● **Problem requirements**
Copy out the entries exactly, from the first line to the last.

━━━ Supplied data ━━━

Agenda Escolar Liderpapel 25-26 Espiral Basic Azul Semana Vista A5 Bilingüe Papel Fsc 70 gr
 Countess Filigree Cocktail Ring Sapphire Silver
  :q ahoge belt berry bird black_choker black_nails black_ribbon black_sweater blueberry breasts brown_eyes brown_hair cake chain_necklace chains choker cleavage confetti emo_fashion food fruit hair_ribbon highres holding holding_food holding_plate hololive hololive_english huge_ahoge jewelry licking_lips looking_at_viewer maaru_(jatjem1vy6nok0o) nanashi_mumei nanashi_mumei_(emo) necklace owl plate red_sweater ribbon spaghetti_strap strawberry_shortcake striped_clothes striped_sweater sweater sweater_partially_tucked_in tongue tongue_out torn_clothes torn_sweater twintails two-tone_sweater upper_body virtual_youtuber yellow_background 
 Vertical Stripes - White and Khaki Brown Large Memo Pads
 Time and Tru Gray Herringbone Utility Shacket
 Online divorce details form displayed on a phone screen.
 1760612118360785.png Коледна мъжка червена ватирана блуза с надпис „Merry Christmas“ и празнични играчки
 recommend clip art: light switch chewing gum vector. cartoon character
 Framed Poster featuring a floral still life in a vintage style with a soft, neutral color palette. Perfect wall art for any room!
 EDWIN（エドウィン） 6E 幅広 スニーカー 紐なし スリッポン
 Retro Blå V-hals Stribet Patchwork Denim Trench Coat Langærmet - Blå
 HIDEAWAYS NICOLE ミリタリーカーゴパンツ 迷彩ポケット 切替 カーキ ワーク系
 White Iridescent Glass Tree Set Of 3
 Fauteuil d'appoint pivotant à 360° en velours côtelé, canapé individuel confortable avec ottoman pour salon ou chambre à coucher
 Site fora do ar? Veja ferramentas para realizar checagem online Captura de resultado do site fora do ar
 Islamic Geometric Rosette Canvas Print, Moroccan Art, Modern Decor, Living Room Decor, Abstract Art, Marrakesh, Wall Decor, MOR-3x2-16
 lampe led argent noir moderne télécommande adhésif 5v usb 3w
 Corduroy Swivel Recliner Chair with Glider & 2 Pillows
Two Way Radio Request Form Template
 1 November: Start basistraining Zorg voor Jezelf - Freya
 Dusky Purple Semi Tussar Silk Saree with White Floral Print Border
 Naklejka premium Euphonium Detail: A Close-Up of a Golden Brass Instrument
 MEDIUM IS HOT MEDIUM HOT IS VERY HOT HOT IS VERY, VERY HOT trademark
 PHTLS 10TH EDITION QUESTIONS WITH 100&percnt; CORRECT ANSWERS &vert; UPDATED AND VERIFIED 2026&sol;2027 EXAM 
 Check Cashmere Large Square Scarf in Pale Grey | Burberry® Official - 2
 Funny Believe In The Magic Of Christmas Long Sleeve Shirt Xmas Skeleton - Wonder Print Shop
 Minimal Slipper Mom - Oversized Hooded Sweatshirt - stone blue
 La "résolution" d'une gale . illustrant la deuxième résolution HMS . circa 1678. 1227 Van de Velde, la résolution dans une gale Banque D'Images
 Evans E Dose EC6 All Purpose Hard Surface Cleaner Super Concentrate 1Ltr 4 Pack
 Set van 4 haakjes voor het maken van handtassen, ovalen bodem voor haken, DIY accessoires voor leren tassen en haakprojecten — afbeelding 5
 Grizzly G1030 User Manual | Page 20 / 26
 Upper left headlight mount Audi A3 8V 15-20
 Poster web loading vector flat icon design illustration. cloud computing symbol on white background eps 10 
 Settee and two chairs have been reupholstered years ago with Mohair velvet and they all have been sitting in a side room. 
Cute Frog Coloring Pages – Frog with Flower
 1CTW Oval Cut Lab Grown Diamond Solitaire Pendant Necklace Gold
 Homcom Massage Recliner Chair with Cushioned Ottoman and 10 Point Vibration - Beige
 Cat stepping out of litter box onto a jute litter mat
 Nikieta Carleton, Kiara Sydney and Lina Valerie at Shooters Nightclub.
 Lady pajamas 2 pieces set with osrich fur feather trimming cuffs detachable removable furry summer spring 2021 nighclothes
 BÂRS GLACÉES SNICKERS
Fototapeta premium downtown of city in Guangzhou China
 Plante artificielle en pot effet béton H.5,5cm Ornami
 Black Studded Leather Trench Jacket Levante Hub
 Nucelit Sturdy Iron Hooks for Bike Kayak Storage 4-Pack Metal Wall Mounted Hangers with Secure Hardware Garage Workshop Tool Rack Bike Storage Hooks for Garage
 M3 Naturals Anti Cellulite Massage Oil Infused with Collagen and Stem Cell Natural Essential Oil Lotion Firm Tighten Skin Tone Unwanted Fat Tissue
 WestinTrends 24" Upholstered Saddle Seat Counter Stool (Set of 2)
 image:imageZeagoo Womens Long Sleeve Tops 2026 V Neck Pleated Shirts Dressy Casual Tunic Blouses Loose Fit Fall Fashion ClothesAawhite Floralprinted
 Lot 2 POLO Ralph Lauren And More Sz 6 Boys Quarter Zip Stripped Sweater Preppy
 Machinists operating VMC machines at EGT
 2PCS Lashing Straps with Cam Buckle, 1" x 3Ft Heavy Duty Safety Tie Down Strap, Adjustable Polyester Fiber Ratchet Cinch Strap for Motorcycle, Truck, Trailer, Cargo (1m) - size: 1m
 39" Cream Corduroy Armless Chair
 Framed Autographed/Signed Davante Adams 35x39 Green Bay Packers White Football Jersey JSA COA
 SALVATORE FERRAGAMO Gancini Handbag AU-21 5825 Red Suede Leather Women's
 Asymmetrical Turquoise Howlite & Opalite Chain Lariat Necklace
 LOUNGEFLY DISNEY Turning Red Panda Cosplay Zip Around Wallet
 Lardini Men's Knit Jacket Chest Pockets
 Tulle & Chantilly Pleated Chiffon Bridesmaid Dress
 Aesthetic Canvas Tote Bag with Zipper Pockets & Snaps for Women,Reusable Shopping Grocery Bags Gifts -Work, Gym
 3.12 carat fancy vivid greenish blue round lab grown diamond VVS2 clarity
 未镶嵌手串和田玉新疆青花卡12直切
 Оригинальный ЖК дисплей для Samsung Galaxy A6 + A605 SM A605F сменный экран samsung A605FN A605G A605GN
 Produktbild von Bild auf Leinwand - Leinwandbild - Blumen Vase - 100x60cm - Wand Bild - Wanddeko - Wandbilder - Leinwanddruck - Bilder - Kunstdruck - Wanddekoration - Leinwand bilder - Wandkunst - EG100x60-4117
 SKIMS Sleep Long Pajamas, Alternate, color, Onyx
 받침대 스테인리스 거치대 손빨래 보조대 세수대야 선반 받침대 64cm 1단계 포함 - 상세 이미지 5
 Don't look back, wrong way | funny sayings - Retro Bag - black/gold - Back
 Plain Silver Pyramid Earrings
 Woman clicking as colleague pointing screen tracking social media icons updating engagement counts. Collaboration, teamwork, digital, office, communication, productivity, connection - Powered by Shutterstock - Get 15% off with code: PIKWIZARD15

━━━

● **Solution**
Agenda Escolar Liderpapel 25-26 Espiral Basic Azul Semana Vista A5 Bilingüe Papel Fsc 70 gr
 Countess Filigree Cocktail Ring Sapphire Silver
  :q ahoge belt berry bird black_choker black_nails black_ribbon black_sweater blueberry breasts brown_eyes brown_hair cake chain_necklace chains choker cleavage confetti emo_fashion food fruit hair_ribbon highres holding holding_food holding_plate hololive hololive_english huge_ahoge jewelry licking_lips looking_at_viewer maaru_(jatjem1vy6nok0o) nanashi_mumei nanashi_mumei_(emo) necklace owl plate red_sweater ribbon spaghetti_strap strawberry_shortcake striped_clothes striped_sweater sweater sweater_partially_tucked_in tongue tongue_out torn_clothes torn_sweater twintails two-tone_sweater upper_body virtual_youtuber yellow_background 
 Vertical Stripes - White and Khaki Brown Large Memo Pads
 Time and Tru Gray Herringbone Utility Shacket
 Online divorce details form displayed on a phone screen.
 1760612118360785.png Коледна мъжка червена ватирана блуза с надпис „Merry Christmas“ и празнични играчки
 recommend clip art: light switch chewing gum vector. cartoon character
 Framed Poster featuring a floral still life in a vintage style with a soft, neutral color palette. Perfect wall art for any room!
 EDWIN（エドウィン） 6E 幅広 スニーカー 紐なし スリッポン
 Retro Blå V-hals Stribet Patchwork Denim Trench Coat Langærmet - Blå
 HIDEAWAYS NICOLE ミリタリーカーゴパンツ 迷彩ポケット 切替 カーキ ワーク系
 White Iridescent Glass Tree Set Of 3
 Fauteuil d'appoint pivotant à 360° en velours côtelé, canapé individuel confortable avec ottoman pour salon ou chambre à coucher
 Site fora do ar? Veja ferramentas para realizar checagem online Captura de resultado do site fora do ar
 Islamic Geometric Rosette Canvas Print, Moroccan Art, Modern Decor, Living Room Decor, Abstract Art, Marrakesh, Wall Decor, MOR-3x2-16
 lampe led argent noir moderne télécommande adhésif 5v usb 3w
 Corduroy Swivel Recliner Chair with Glider & 2 Pillows
Two Way Radio Request Form Template
 1 November: Start basistraining Zorg voor Jezelf - Freya
 Dusky Purple Semi Tussar Silk Saree with White Floral Print Border
 Naklejka premium Euphonium Detail: A Close-Up of a Golden Brass Instrument
 MEDIUM IS HOT MEDIUM HOT IS VERY HOT HOT IS VERY, VERY HOT trademark
 PHTLS 10TH EDITION QUESTIONS WITH 100&percnt; CORRECT ANSWERS &vert; UPDATED AND VERIFIED 2026&sol;2027 EXAM 
 Check Cashmere Large Square Scarf in Pale Grey | Burberry® Official - 2
 Funny Believe In The Magic Of Christmas Long Sleeve Shirt Xmas Skeleton - Wonder Print Shop
 Minimal Slipper Mom - Oversized Hooded Sweatshirt - stone blue
 La "résolution" d'une gale . illustrant la deuxième résolution HMS . circa 1678. 1227 Van de Velde, la résolution dans une gale Banque D'Images
 Evans E Dose EC6 All Purpose Hard Surface Cleaner Super Concentrate 1Ltr 4 Pack
 Set van 4 haakjes voor het maken van handtassen, ovalen bodem voor haken, DIY accessoires voor leren tassen en haakprojecten — afbeelding 5
 Grizzly G1030 User Manual | Page 20 / 26
 Upper left headlight mount Audi A3 8V 15-20
 Poster web loading vector flat icon design illustration. cloud computing symbol on white background eps 10 
 Settee and two chairs have been reupholstered years ago with Mohair velvet and they all have been sitting in a side room. 
Cute Frog Coloring Pages – Frog with Flower
 1CTW Oval Cut Lab Grown Diamond Solitaire Pendant Necklace Gold
 Homcom Massage Recliner Chair with Cushioned Ottoman and 10 Point Vibration - Beige
 Cat stepping out of litter box onto a jute litter mat
 Nikieta Carleton, Kiara Sydney and Lina Valerie at Shooters Nightclub.
 Lady pajamas 2 pieces set with osrich fur feather trimming cuffs detachable removable furry summer spring 2021 nighclothes
 BÂRS GLACÉES SNICKERS
Fototapeta premium downtown of city in Guangzhou China
 Plante artificielle en pot effet béton H.5,5cm Ornami
 Black Studded Leather Trench Jacket Levante Hub
 Nucelit Sturdy Iron Hooks for Bike Kayak Storage 4-Pack Metal Wall Mounted Hangers with Secure Hardware Garage Workshop Tool Rack Bike Storage Hooks for Garage
 M3 Naturals Anti Cellulite Massage Oil Infused with Collagen and Stem Cell Natural Essential Oil Lotion Firm Tighten Skin Tone Unwanted Fat Tissue
 WestinTrends 24" Upholstered Saddle Seat Counter Stool (Set of 2)
 image:imageZeagoo Womens Long Sleeve Tops 2026 V Neck Pleated Shirts Dressy Casual Tunic Blouses Loose Fit Fall Fashion ClothesAawhite Floralprinted
 Lot 2 POLO Ralph Lauren And More Sz 6 Boys Quarter Zip Stripped Sweater Preppy
 Machinists operating VMC machines at EGT
 2PCS Lashing Straps with Cam Buckle, 1" x 3Ft Heavy Duty Safety Tie Down Strap, Adjustable Polyester Fiber Ratchet Cinch Strap for Motorcycle, Truck, Trailer, Cargo (1m) - size: 1m
 39" Cream Corduroy Armless Chair
 Framed Autographed/Signed Davante Adams 35x39 Green Bay Packers White Football Jersey JSA COA
 SALVATORE FERRAGAMO Gancini Handbag AU-21 5825 Red Suede Leather Women's
 Asymmetrical Turquoise Howlite & Opalite Chain Lariat Necklace
 LOUNGEFLY DISNEY Turning Red Panda Cosplay Zip Around Wallet
 Lardini Men's Knit Jacket Chest Pockets
 Tulle & Chantilly Pleated Chiffon Bridesmaid Dress
 Aesthetic Canvas Tote Bag with Zipper Pockets & Snaps for Women,Reusable Shopping Grocery Bags Gifts -Work, Gym
 3.12 carat fancy vivid greenish blue round lab grown diamond VVS2 clarity
 未镶嵌手串和田玉新疆青花卡12直切
 Оригинальный ЖК дисплей для Samsung Galaxy A6 + A605 SM A605F сменный экран samsung A605FN A605G A605GN
 Produktbild von Bild auf Leinwand - Leinwandbild - Blumen Vase - 100x60cm - Wand Bild - Wanddeko - Wandbilder - Leinwanddruck - Bilder - Kunstdruck - Wanddekoration - Leinwand bilder - Wandkunst - EG100x60-4117
 SKIMS Sleep Long Pajamas, Alternate, color, Onyx
 받침대 스테인리스 거치대 손빨래 보조대 세수대야 선반 받침대 64cm 1단계 포함 - 상세 이미지 5
 Don't look back, wrong way | funny sayings - Retro Bag - black/gold - Back
 Plain Silver Pyramid Earrings
 Woman clicking as colleague pointing screen tracking social media icons updating engagement counts. Collaboration, teamwork, digital, office, communication, productivity, connection - Powered by Shutterstock - Get 15% off with code: PIKWIZARD15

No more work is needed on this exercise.